Hoping his isn't breaking any rules posting it here? if so no offence if the thread's deleted.

This is a 12 gauge tripwire alarm. firing pin is cocked back and held in place with an insert which is attached to the trip wire.

a 12 Gauge BLANK shotgun cartridge is inserted, and the device is pointed downwards.

Two screw mounting holes on the rear allow for it to be screwed to a tree or barn etc.

Great for perimeter security of a campsite, with the line low enough to catch wildlife approaching, or high enough to allow an animal to pass, but to be triggered by intruders. Also attached to doors, triggering the device when the door is opened. Very effective shed alarm!

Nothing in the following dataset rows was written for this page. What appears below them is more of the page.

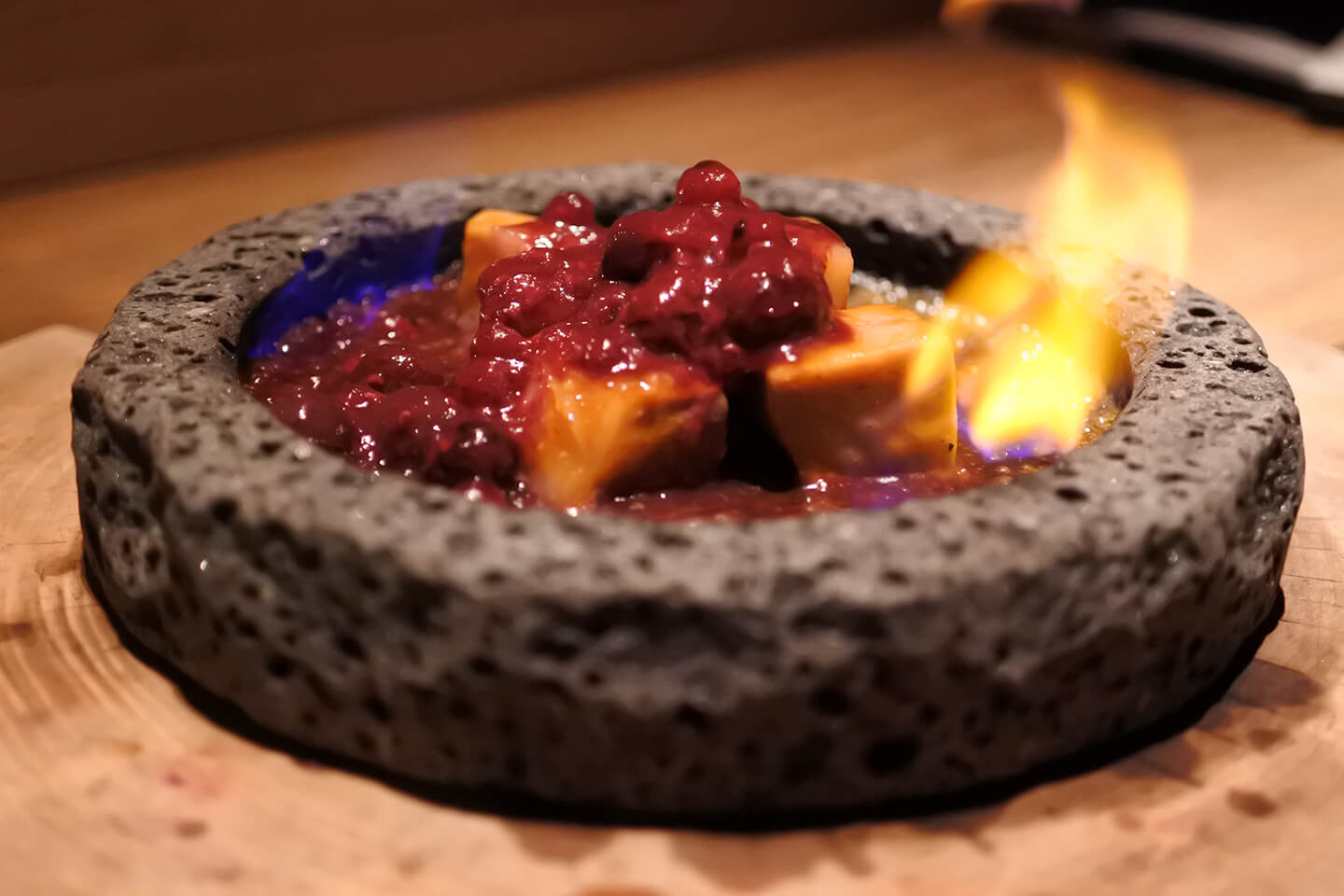 溶岩石焦がしバター醤油焼き 富士桜ポーク ベリーソース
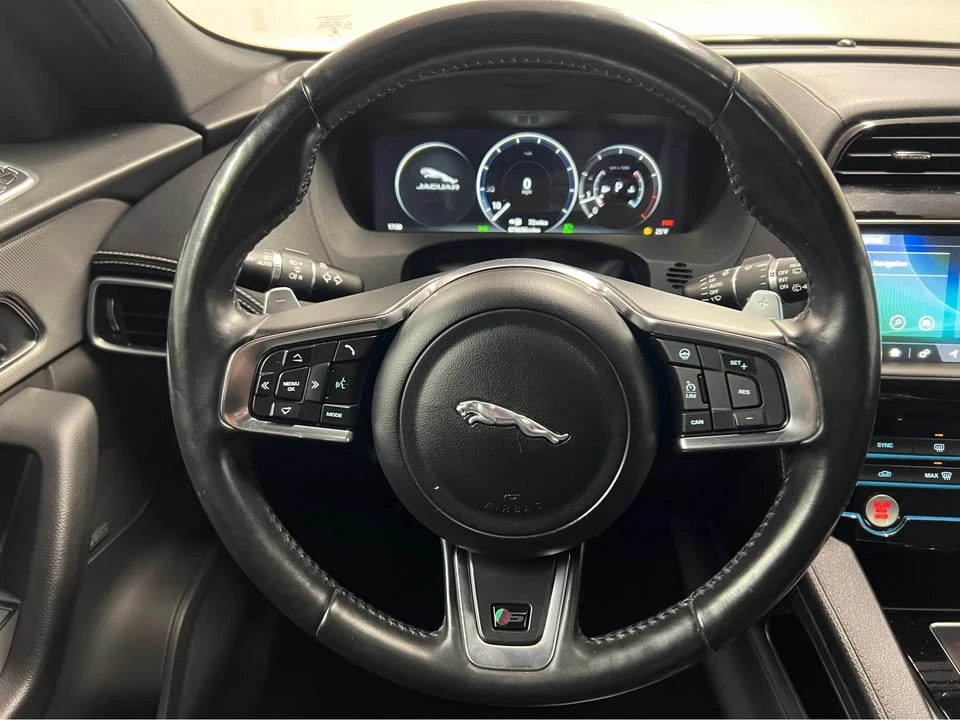 2018 Jaguar F-Pace - Image 15 of 20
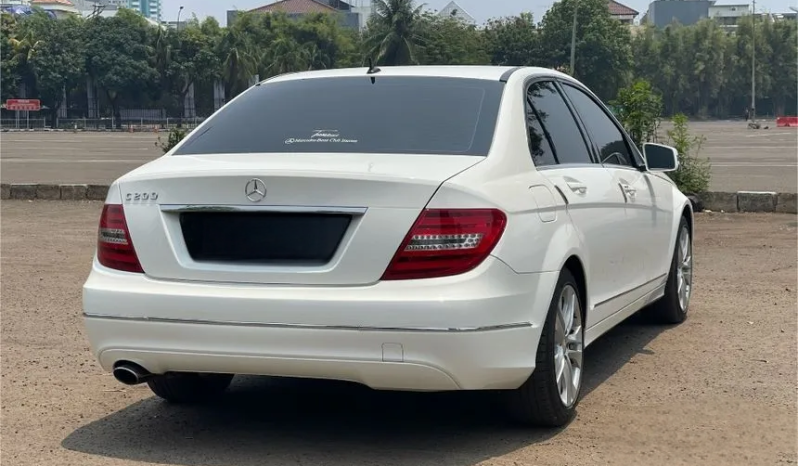 2014 Mercedes-Benz C200 1.8 CGI Sedan full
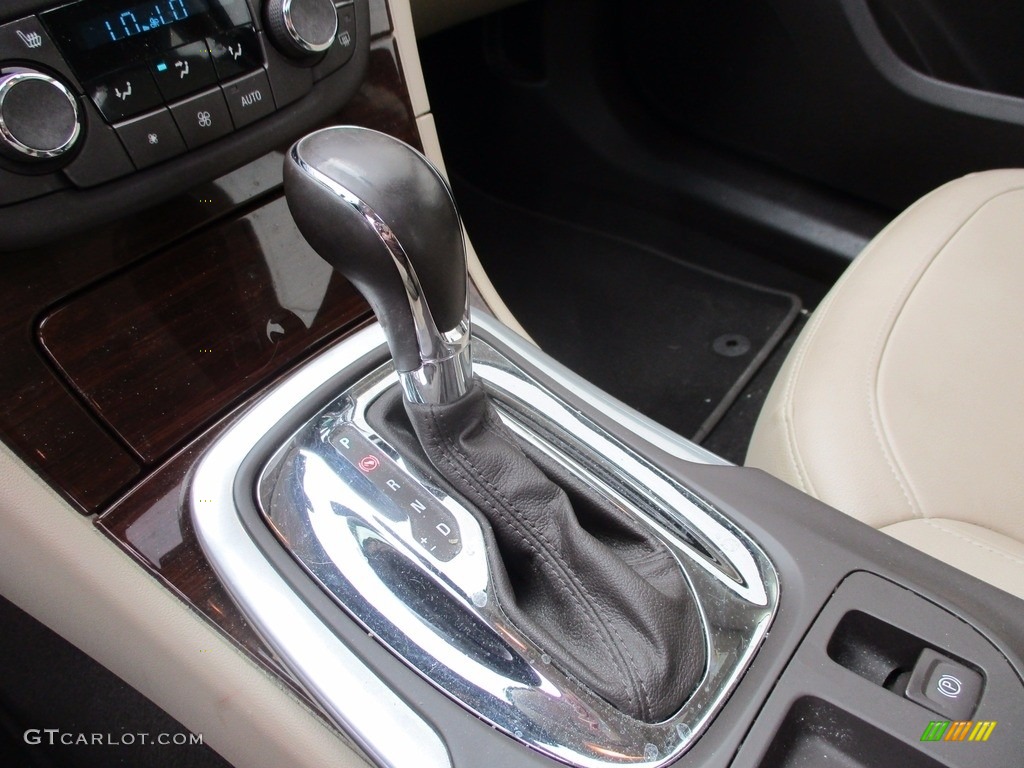 2011 Regal CXL - Carbon Black Metallic / Cashmere photo #16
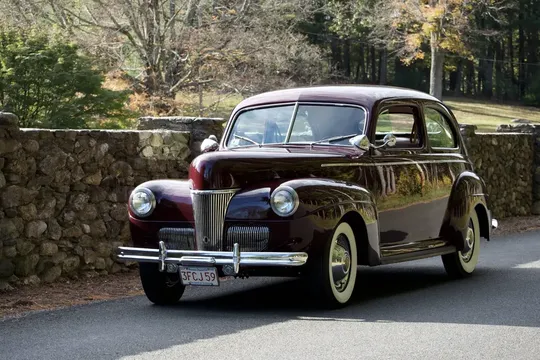 1941 Ford Deluxe Sedan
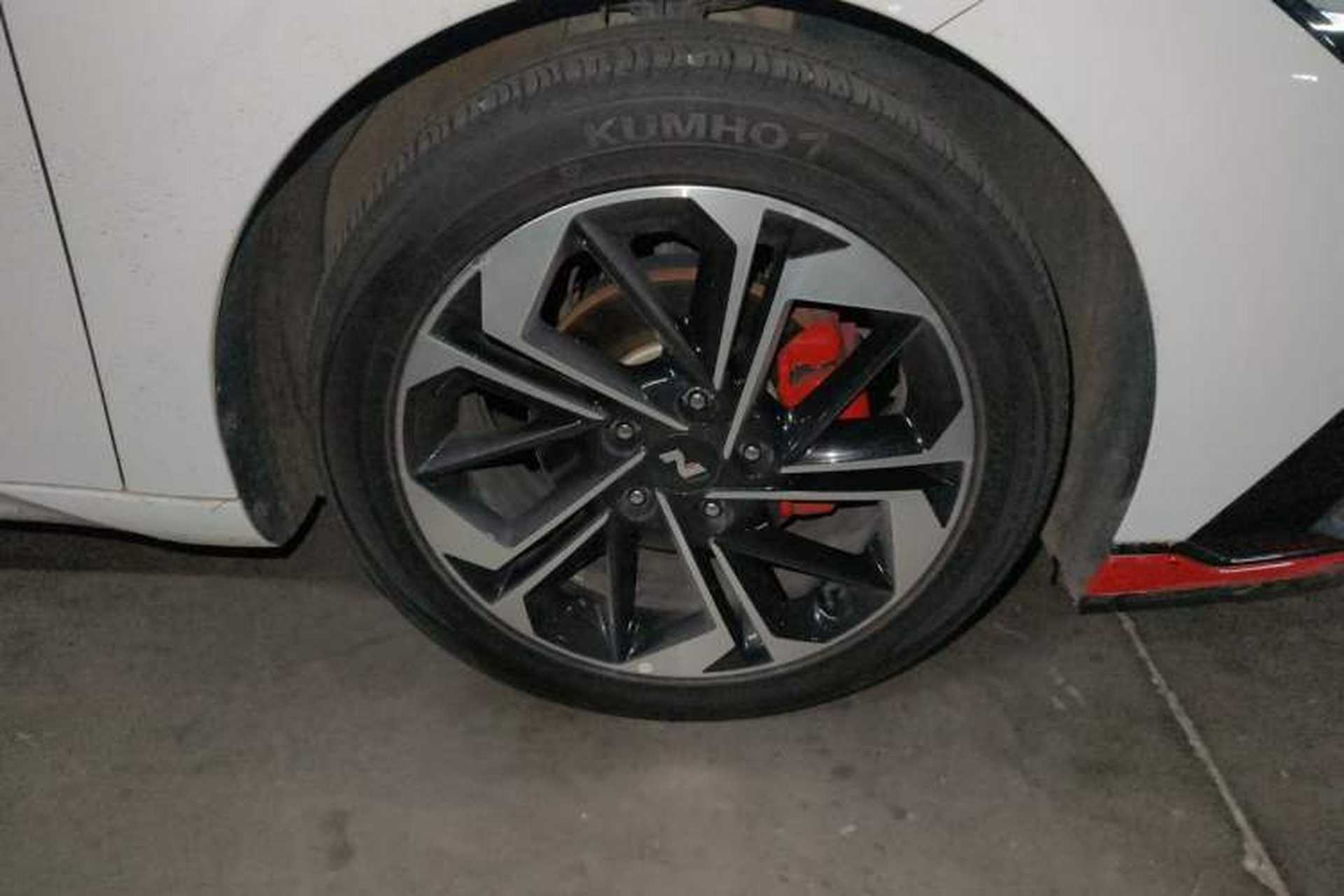 Used Hyundai Elantra 2023 240TGDi DCT N Line GLX Elite Edition Right Front Wheel Hub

Need less to say il be either airbrushing or anodising it matte black. shiny silver isn't very covert!


----------



## D.Oliver

That's pretty sweet.   Now if you'll excuse me it looks like I need to do some cancellations for the pen stealing covert op to Blackpool I had planned!


----------



## longbeard

Thats awesome Brad, thanks for sharing.
Id say that would scare the crap out of any intruder


----------



## mredburn

Why does my mind stray to other uses.  Pretty cool Brad


----------



## plantman

Well Brad, that will definitely change the chemistry in one's shorts.   Jim  S


----------



## Chatham PenWorks

mredburn said:


> Why does my mind stray to other uses.  Pretty cool Brad



Glad I'm not the only one thinking of alternate uses.


----------



## BradG

Lol derek, a few too many sensors surrounding my home for those tactics.  I worked as a security consultant for a few years, so needless to say my inrerest in cctv and alarm systems is most probably  a little over the top lol

Mike by other uses I hope your referring to things like 12 guage flare cartridges and pointing it upwards


----------



## ericofpendom

Nice one Brad, but where do you refill the ink:wink:

Eric...


----------



## BradG

On the contrary , if it took ink, id have posted it in the show off your pens forum :tongue: :wink:


----------



## Janster

......where and how does one attach the "trip wire"?


----------



## johncrane

I want one thats a ripper Brad.


----------



## johncrane

plantman said:


> Well Brad, that will definitely change the chemistry in one's shorts.   Jim  S



if the intruder has a weak heart! one might not worry whats in one's shorts:wink:


----------



## BradG

Heart attack for trespassing on my property? ... I call that karma :wink:


----------